Kuchis are persecuted for trying to claim what they have long been due.
Kuchis are persecuted for trying to claim what they have long been due.

Nomads lose hope of homeland



SHOMALI // On the Shomali Plain, north of Kabul city, Bashir Khan was preparing to escape the approaching winter. "There is no difference for us between all these regimes," he said, remembering Afghanistan's tumultuous recent history. "When the Mujahideen came, when the Taliban came, when this new government came, no one helped us. We are always just travelling around."

Mr Khan is a nomad, or what is known locally as a Kuchi. For each of his 55 years he has had no permanent home, moving instead from place to place in search of work and better weather. When the temperatures begin their rapid ascent in the spring, he packs his few belongings and hits the road, heading inland from the eastern province of Nangarhar with scores of relatives. Six months ago they arrived in Shomali - setting up camp in the vast area of vineyards, dirt football pitches, cemeteries and mud-walled homes - that lies just a short drive from the capital, Kabul.

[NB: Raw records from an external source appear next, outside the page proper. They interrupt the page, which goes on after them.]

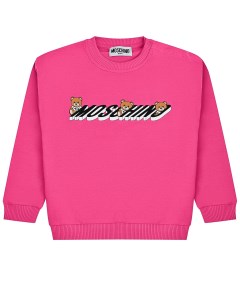 Свитшот цвета фуксии с логотипом детский Moschino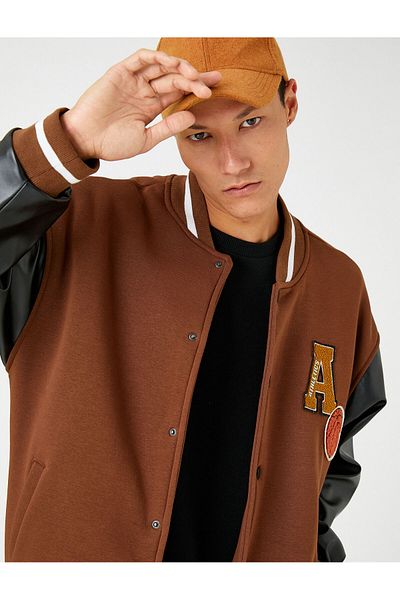 Koton College Jacket Bomber Collar Embroidered Detailed Snap Button Pocket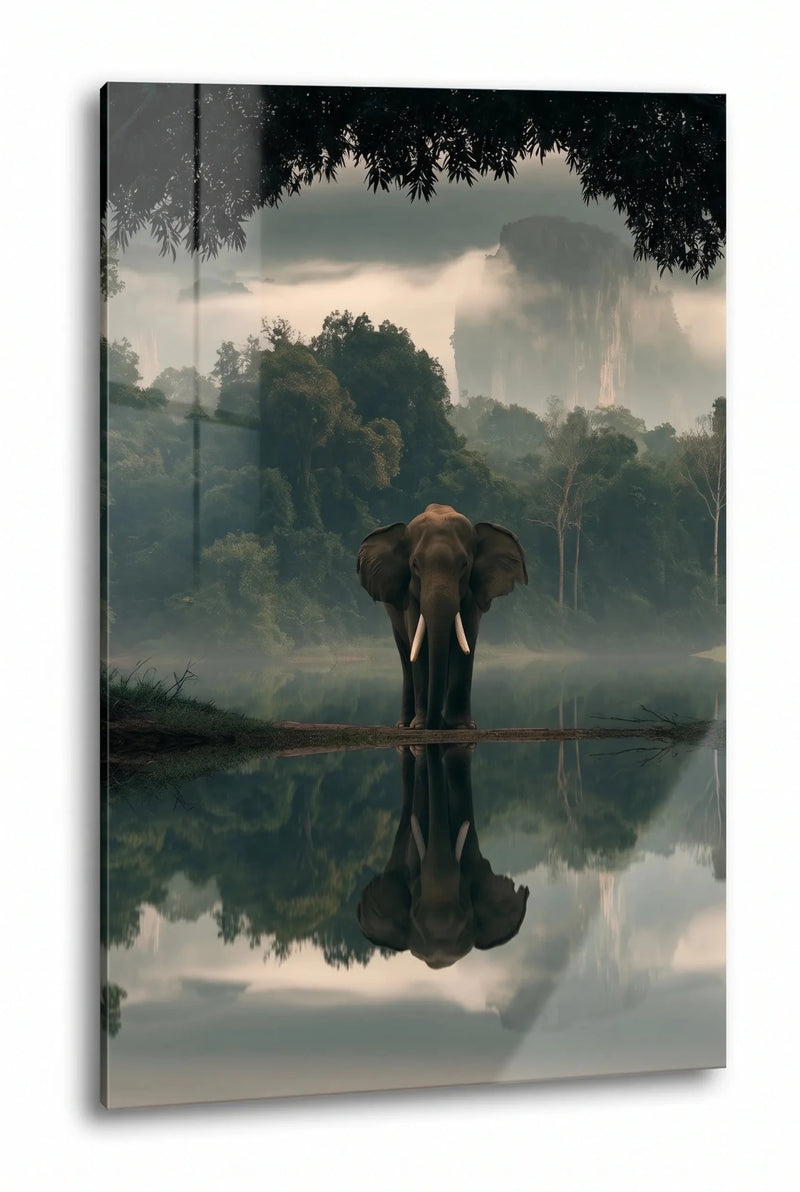 Elefant Spiegelung Dschungelsee Wandbild - Dein Wandbild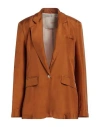 Jucca Woman Blazer Tan Size 8 Silk In Brown
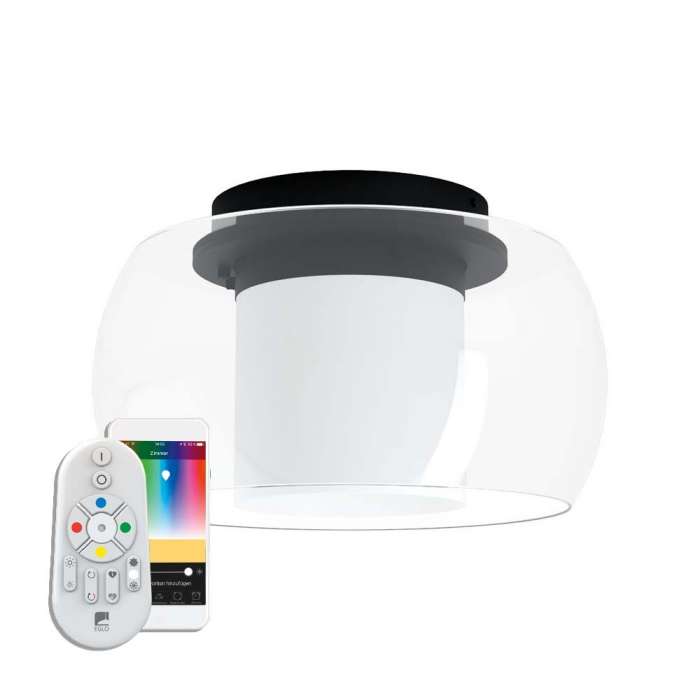 Plafoniera inteligenta EGLO BRIAGLIA-C 99022, LED RGB 24.8W 3150lm 2700-6500K O400mm, Sticla, Negru Cu ajutorul aplicatiei sau accesorilor (telecomanda si sau priza EGLO CONNECT), produsul poate avea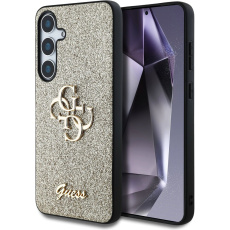 Guess PU Fixed Glitter 4G Metal Logo kryt Samsung Galaxy S25 zlatý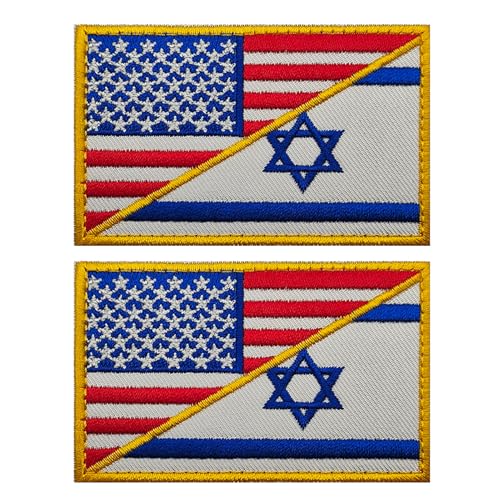 EmWoot 2PCS American Israel Flag Patch Embroidered Morale Patch Military Tactical Patches Hook and Loop Applique Fastener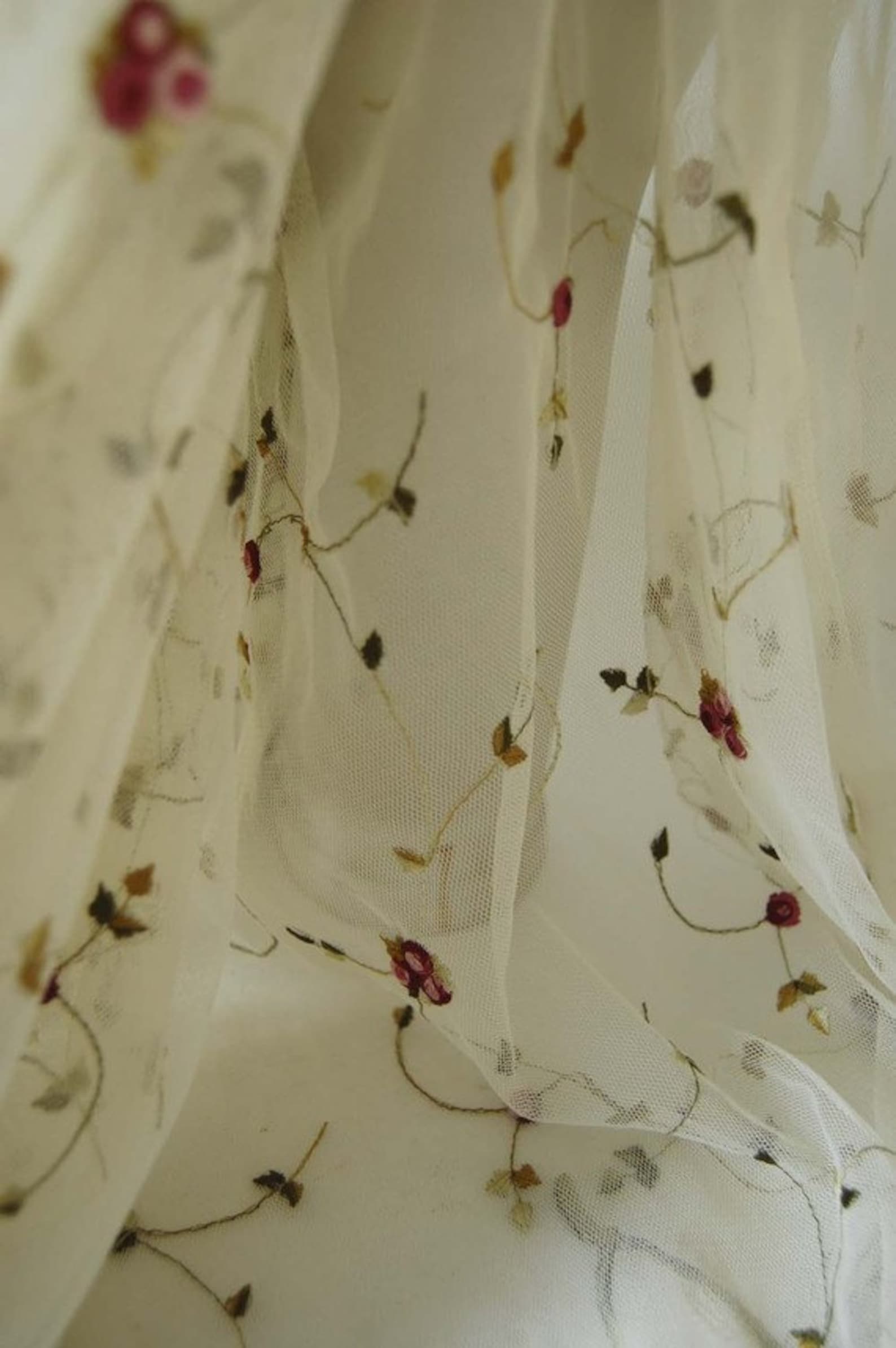 Vintage romantic Curtain with rosebud embroidery Etsy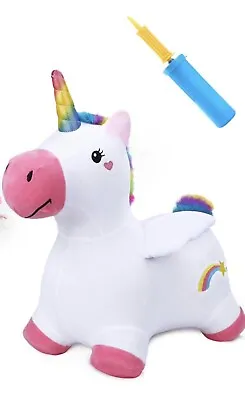 Bouncy Unicorn Horse Plush Toddlers Bouncing Horse Hopper Ride On IPlay ILearn • $29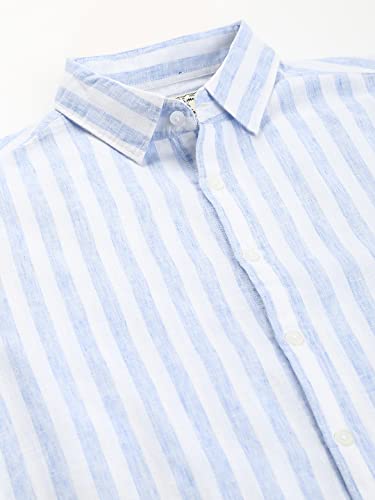 Image of Dennis Lingo Men's Striped Slim Fit Casual Shirt for Men with Spread Collar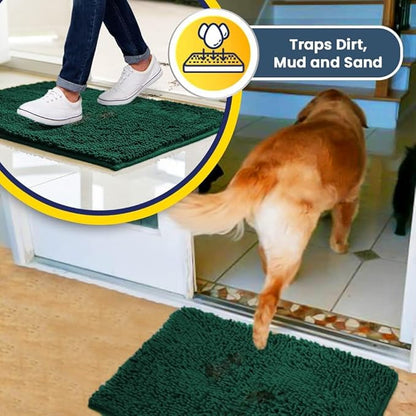 Muddy Mat® Shown on TV – Super Absorbent Microfiber Dog Door Mat for Muddy Paws, Non-Slip Washable Pet Rug, Quick Dry Chenille Entryway Carpet, Machine Washable Indoor Outdoor mat, Dark Green 72"x48"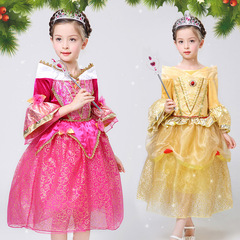 女童爱洛公主裙演出连衣裙圣诞节秋装儿童睡美人蓬蓬裙子表演礼服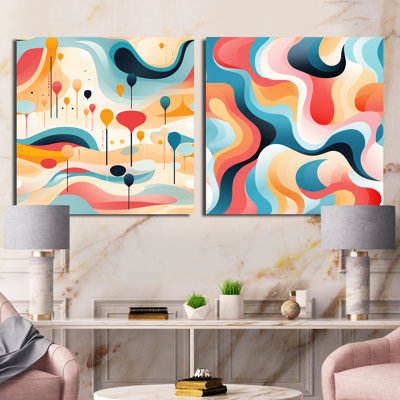 Cridhe - Ensemble de 2 collages carrés abstraits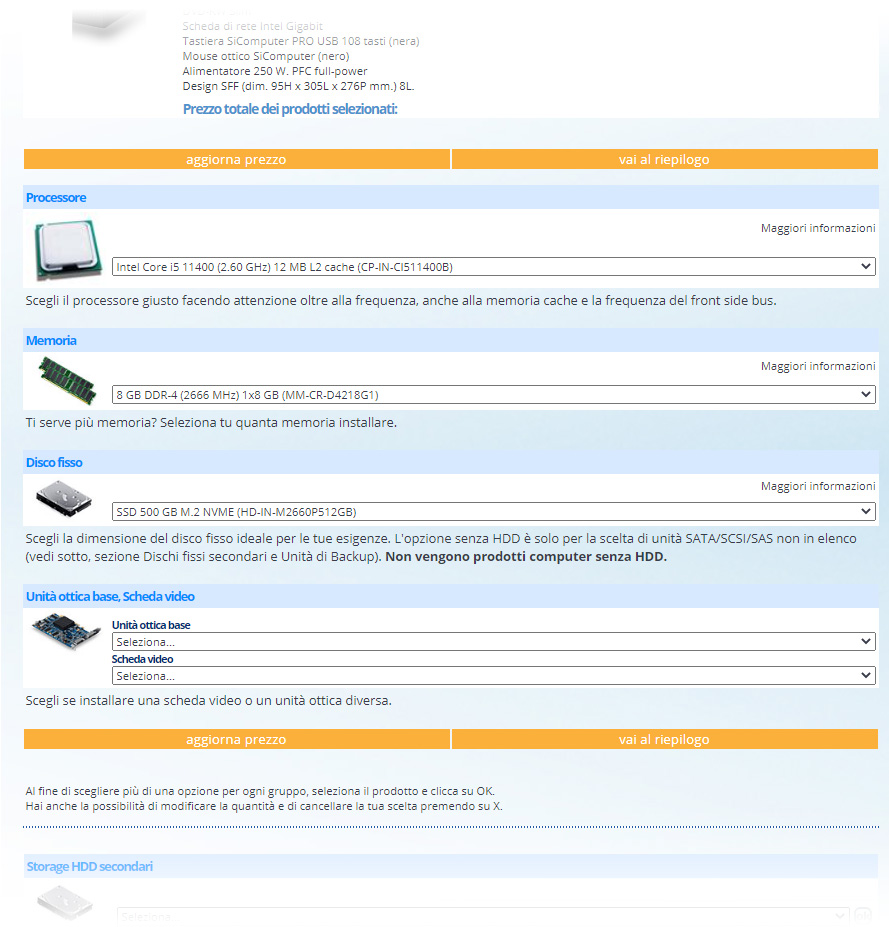 screenshot - configuratore prodotto dettaglio - componenti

Now there is a chill in the evening air and they are getting ready to leave again, all 10 families and their worn-out looking animals. "We don't have the money to build a house or buy land," Mr Khan said. "How can we say this is a good life? During the night we feel cold and during the day we feel hot, but there is no other way for us." While invaders have come and gone and governments have repeatedly collapsed, the annual migration of Afghanistan's Kuchis has altered little over the centuries. What changed in 2001, though, were expectations.

After years in the metaphorical and actual wilderness, the nomads believed their time had finally come. The land they had long hoped for suddenly seemed to be within their grasp. Now, like so many other Afghans from all walks of life, they say the situation is worse than they have ever known it. This year, their anger turned to violence in a series of fatal clashes with members of the Hazara ethnic group in Maidan Wardak province that forced thousands of people to flee.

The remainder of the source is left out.